Çin devletinden sonra Almanya ile ilgili bilgiler verilmek istenirse, bu ülkede, mühendislik, otomotiv ve kimya sektörlerinin itici dinamikler olarak ekonomi bünyesinde önemli bir yere sahip olduğu bunun yanı sıra AR-GE uygulamalarının etkin bir şekilde gündemde olduğu gözden uzak tutulmamalıdır. Dünyanın üçüncü ve Avrupa Birliğinin de birinci ekonomisi olan Almanya’nın istatiksel değerlerine bakılırsa, toplam ekonomisinin 4,3 trilyon USD miktarında olduğu ve bunun içinde % 28 oranındaki ihracat miktarının 1,204 trilyon USD ile yer aldığı, ithalatın ise, ihracatın gerisinde kalarak 1,02 trilyon USD miktarı ile %23.72 oranını gerçekleştirdiği hesaplanmaktadır. Almanya’nın ihracat ile ithalat arasındaki fark miktarına bakıldığında bu tutarın 18 milyar USD olduğu hesaplanmaktadır ki bu gelişimde ülkenin dış ticaret fazlası olduğu tespit edilmektedir. Ekonomilerde toplam borç miktarının da mukayese parametrelerinden birisi olduğu bilindiğinden Almanya’nın toplam borç miktarını OECD verileri ışığında 2,36 trilyon USD olarak toplam ekonomisinin içinde %54.88 oranında kaldığı görülmektedir. Ülkedeki cari açık oranı % 4.2 ve enflasyon ise % 4.5 olarak gerçekleşmiştir. 

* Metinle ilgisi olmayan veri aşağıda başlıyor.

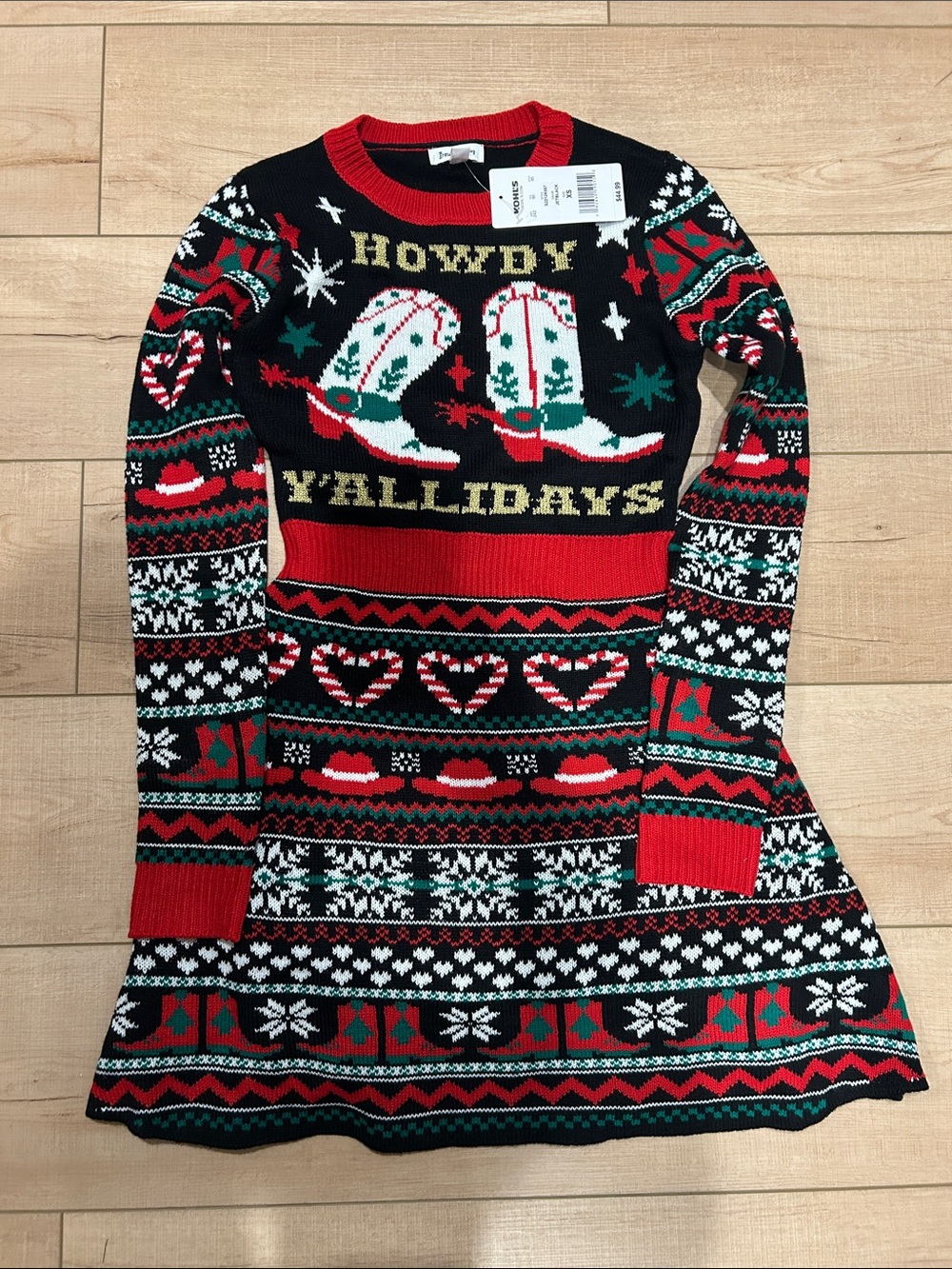Howdy Y'Allidays Cowboy Boot Holiday Sweater Dress - women's xs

OECD verileri çerçevesinde gayri safi yurt içi hâsıla miktarlarını esas alınarak, 4. gelişmiş ülke olarak ele aldığımız, Japonya’nın ekonomisinin ana dinamiklerinin, teknoloji, elektronik, robotik ve otomotiv sektörleri sağlamaktadır. Toplam ekonomisi 4,40 trilyon USD olan Japonya’nın ihracatı 683,3 milyar USD seviyesinde olup toplam ekonominin %15,53 oranındadır. 2023 yılındaki ithalat rakamları incelendiğinde, toplam ekonomi içinde %14,23 oranıyla 625,9 milyar USD olarak yer aldığı izlenir ki, ihracat ile arasında 57,400 milyar USD fark olduğu belirlenmektedir. Bu veriler ışığında Japonya’da dış ticaret fazlası olduğu görülmektedir. Ekonomide en önemli mukayese parametrelerinden birisini daha önce de ifade ettiğim gibi, toplam borç teşkil etmektedir. Ülkenin toplam borcu 12,8 trilyon USD olarak açıklanmakta olup toplam ekonomisinin %290,91 oranında olduğu görülür. ki bu borç yükü ile dünyanın ilk 10 ülkesi içinde en borçlu ülke konumunda yer almaktadır. Japonya’nın cari açık oranının %1,9 ve enflasyonun da %3,2 olduğu istatistik verilerden anlaşılmaktadır.